[INFORMATION PROVIDED]
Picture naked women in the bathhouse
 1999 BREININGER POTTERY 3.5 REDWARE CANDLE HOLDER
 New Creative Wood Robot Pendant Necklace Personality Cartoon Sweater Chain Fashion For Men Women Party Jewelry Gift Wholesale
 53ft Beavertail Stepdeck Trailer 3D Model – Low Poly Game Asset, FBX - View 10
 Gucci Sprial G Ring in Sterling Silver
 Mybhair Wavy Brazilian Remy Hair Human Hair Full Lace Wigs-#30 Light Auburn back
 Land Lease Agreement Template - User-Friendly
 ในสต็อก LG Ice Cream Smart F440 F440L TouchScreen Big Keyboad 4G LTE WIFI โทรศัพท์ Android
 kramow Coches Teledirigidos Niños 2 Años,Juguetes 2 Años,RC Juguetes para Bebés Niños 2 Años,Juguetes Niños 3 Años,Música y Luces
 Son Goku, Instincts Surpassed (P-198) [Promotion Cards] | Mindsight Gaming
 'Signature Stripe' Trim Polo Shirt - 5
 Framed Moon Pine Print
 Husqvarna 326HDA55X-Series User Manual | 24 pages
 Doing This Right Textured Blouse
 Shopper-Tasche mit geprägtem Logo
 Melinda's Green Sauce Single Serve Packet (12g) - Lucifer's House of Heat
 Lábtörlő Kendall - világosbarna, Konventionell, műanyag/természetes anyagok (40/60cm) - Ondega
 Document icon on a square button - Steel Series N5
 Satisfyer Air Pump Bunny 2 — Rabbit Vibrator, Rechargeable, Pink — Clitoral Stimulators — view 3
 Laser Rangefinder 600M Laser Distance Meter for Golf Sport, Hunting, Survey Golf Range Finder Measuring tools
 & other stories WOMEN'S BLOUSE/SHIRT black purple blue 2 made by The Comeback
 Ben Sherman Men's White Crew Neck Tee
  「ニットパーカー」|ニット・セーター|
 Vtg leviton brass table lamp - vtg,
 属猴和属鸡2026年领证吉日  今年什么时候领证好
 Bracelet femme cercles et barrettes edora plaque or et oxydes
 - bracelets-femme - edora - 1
[/INFORMATION PROVIDED]
For each line in the data above that contains the string "edora", extract the line.

 Bracelet femme cercles et barrettes edora plaque or et oxydes
 - bracelets-femme - edora - 1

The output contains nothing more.